Data Science is NOT a silver bullet
Organizations often make a mistake of thinking that Data Science is the panacea to all the problems they are facing. Like what Simon Sinek said, one needs to first understand “why”. Before starting their data science initiatives, organizations need to first define their business case and the problem they plan to solve using data science. This definition then helps in defining the data attributes to be collected and the analysis of the same. Without a clear problem statement, investments in skills, domain knowledge, and top management involvement, there are high chances it will end up being another failed initiative.
Data Science is NOT just about Visualization
Visualization of data, powered through tools such as Power BI or Tableau, is all good, but it should aid the process of decision-making, and only then it can have a direct bearing on the bottom-line. Data Science, by its very meaning, implies that human intelligence becomes imperative for drawing insights from them. Visualization aids that, but data science is not only about visualization. Visualization is about reporting of the various data points available with the organization. However, it cannot be either predictive or prescriptive without the Data Scientist with domain understanding adding value.

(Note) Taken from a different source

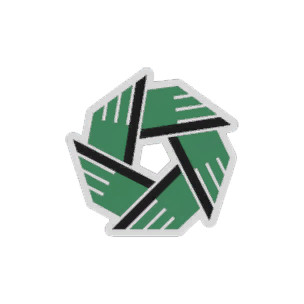 Sticker: Column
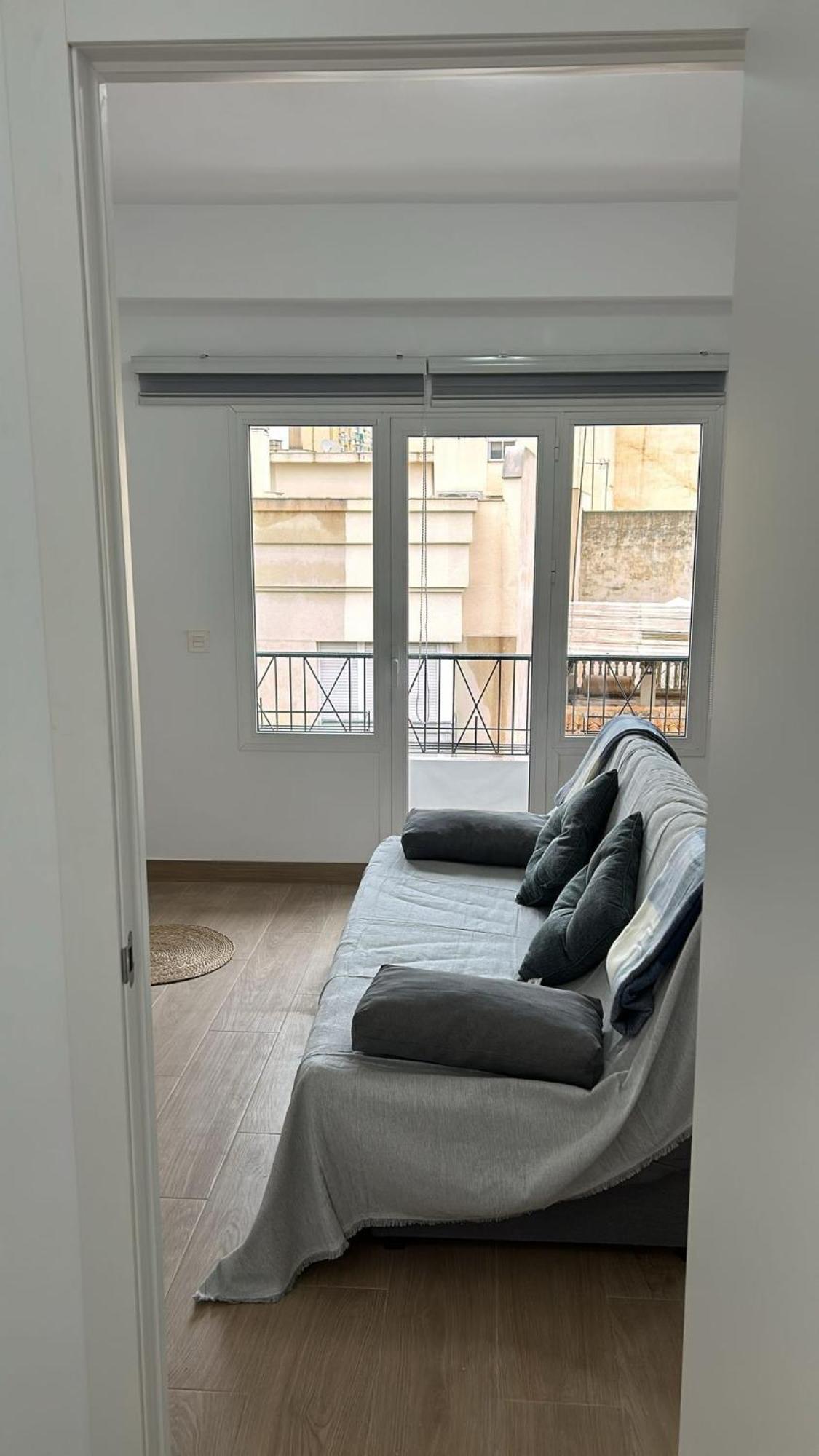 Comfortable In Apartment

Data Science is NOT just R or Python
There is a common perception in the market that people with expertise in languages such as Python, R, SPSS, etc. are data scientists. This is very far from the truth. These languages are merely tools for doing data analysis. But one needs to know the problem statement to know which algorithm, model, or which methodology will best suit the purpose. For example, for an OOT provider, Data Scientist is supposed to draw a decision tree to understand what the customers are watching on an OTT channel, create clusters to understand the demographics and do a regression to understand the causal effect relationship.
Data Science is NOT only about Data
Data ingestion plays a significant role in data science. To get a complete view, organizations need to analyze data available internally, and data also needs to be collected from sources outside the organization. It is possible that the internal data is lying in siloes across various systems such as ERP, CRM, etc. For a complete analysis, all the data needs to be collected and reconciled. But like all the others, this is a crucial subset of Data Science but not data science per se. Based on the end goal and what analysis needs to be conducted, the tools, as well as the data needed for the tools, will change.
One needs to acknowledge that Data Management is a huge ask. There are several tools available in the market that can help organizations manage their data. This includes cleansing, scrubbing, de-duplication of the data. Data management is essential for data science and is an integral part of the process, but needless to say, this is not data science in its entirety. Data Scientists are aided by the quality of the data, which is enhanced through robust data management.
Data Science is NOT Statistics
An ace Data Scientist needs to possess three critical skills – 1) Strong programming knowledge and skills to run the models 2) Understanding of statistics to run the correct statistical tools, and 3) Strong domain knowledge to come up with the correct inference. Many believe that knowledge and understanding of any one of these skills can make you a Data Scientist, which is not valid.
How many such myths did you believe about data science?